In Spain, for example, there is a university degree called the Diploma in Labor Sciences and Human Resources (which replaces the old Diploma in Labor Relations), so that the professional profile of the latter is different from that of the organizational psychologist. The subjects taught in this course include subjects of work psychology, but, in addition, other subjects are taught such as labor and trade union law or personal taxation.

Indeed, in the human resources department of a company, not only personnel selection or training functions collective bargaining or tasks such as payroll management can be performed. The profile of the organizational psychologist fits in some areas of this human resources department, but not in all.

Training of organizational psychologists

If you are a psychologist and want to devote yourself to organizational psychology, you should know that the organizational psychologist, unlike the human resources professional, has a degree in psychology. Some psychologists end their careers and then start working as recruiters or screening technicians. and, having discovered the world of human resources, they are trained to cover other areas of HR, such as personnel administration or employment law.

Others, on the other hand, after completing the degree in psychology, decide to do a master’s degree. If this is your intention, you will need to choose between a Masters in Human Resource Management or a Masters in Organizational and Work Psychology. While the former trains you on issues such as budget, staff payments and expenses, labor law, contracts, labor rights, selection and training of worker safety systems (accident prevention ). The second allows to study the behavior of the individual within an organization and everything related to motivation, leadership, stress (and other occupational diseases), climate and work culture or influence of psychological variables on performance.

  • If you want to know more about the Master in psychology, you can visit our article: “The 20 best masters in psychology”

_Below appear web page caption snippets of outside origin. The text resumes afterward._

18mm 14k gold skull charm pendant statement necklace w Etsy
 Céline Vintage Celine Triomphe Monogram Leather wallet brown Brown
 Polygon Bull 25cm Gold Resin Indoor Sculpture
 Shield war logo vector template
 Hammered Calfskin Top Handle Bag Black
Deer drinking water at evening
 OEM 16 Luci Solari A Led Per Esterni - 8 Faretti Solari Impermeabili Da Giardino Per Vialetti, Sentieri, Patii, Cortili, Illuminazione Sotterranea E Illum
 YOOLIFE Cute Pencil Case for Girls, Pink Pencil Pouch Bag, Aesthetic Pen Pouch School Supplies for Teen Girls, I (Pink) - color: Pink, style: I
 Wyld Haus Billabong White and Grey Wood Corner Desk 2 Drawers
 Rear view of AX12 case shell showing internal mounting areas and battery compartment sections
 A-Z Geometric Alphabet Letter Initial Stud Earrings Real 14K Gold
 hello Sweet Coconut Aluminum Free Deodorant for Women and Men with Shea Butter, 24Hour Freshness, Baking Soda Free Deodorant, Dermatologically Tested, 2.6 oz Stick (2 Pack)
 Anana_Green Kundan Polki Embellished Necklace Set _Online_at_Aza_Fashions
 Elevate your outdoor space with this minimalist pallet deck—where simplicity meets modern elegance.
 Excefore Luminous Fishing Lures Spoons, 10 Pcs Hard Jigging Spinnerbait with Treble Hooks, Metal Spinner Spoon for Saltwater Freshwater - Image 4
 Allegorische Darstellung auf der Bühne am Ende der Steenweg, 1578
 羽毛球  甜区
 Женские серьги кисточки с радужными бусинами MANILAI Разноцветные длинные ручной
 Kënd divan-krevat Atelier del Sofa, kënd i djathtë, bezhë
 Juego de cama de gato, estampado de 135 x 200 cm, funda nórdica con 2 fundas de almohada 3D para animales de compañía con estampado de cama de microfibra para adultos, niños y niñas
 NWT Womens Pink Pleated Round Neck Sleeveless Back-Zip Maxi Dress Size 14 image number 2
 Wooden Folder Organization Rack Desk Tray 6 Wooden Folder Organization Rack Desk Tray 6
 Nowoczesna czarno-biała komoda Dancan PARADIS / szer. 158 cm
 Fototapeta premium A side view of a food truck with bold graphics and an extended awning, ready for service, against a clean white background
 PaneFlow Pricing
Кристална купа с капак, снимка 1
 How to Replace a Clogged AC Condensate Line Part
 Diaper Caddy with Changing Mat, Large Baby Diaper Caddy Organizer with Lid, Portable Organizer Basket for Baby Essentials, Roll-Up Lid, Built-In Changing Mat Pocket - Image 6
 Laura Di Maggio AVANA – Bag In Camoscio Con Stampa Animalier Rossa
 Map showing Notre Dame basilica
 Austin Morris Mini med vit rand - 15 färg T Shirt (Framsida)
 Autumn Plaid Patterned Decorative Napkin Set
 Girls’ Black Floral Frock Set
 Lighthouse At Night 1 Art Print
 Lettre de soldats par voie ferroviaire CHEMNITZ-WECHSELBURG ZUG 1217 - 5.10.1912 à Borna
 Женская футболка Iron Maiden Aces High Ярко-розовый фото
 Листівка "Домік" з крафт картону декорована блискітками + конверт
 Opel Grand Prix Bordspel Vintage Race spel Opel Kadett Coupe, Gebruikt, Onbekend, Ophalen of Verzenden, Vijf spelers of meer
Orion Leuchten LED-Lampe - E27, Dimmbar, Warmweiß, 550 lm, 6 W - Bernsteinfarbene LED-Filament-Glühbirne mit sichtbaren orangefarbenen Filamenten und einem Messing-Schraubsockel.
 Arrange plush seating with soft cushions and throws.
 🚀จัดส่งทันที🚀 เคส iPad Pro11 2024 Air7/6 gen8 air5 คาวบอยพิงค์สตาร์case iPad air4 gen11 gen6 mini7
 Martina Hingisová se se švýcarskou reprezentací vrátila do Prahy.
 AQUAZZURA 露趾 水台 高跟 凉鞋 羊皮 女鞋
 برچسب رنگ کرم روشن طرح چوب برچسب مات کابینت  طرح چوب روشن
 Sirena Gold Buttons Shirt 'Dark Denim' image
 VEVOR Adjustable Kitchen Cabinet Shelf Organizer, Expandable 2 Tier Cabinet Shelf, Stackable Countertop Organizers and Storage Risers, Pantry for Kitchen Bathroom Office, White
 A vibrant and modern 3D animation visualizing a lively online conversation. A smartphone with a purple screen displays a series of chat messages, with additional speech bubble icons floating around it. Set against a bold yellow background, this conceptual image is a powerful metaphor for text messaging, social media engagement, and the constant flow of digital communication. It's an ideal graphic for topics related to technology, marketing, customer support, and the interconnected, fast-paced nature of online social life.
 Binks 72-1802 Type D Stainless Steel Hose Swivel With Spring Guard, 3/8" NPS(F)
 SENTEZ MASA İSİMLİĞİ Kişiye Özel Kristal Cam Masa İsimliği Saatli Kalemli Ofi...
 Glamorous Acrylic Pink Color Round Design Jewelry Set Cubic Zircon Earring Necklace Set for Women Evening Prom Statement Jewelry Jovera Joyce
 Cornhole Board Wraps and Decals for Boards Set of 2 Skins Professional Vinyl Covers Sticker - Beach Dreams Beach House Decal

Bibliographical references:

  • Drenth, PJD; Thierry, H .; de Wolff, CJ (1998). Manual of work and organizational psychology. Hove: Psychology Press.
  • Etkin, J. (2000). Politics, government and management of organizations, Buenos Aires, editorial Prentice Hall. (Chapter 3: Factors of complexity).
  • Kopes, LL (2006). A brief history of the Society for Industrial and Organizational Psychology.
  • Lévy-Levoyer, C. (2000). Motivation in the company – Models and strategies Editorial Gestió 2000. (Part II From theory to practice – Chapter 4; Chapter 5 and Conclusions).
  • Schlemenson, A. (2002). Talent Strategy, Bs. As., Editorial Paidós. (Chapter 4 The meaning of work).
  • Truxillo, DM; Bauer, TN; Erdogan, B. (2016). Psychology and work: perspectives on industrial and organizational psychology. New York: Psychology Press / Taylor and Francis.
  • Vázquez Beléndez, M. (2002). Psychology of work and organizations – Historical approach. University of Alicante.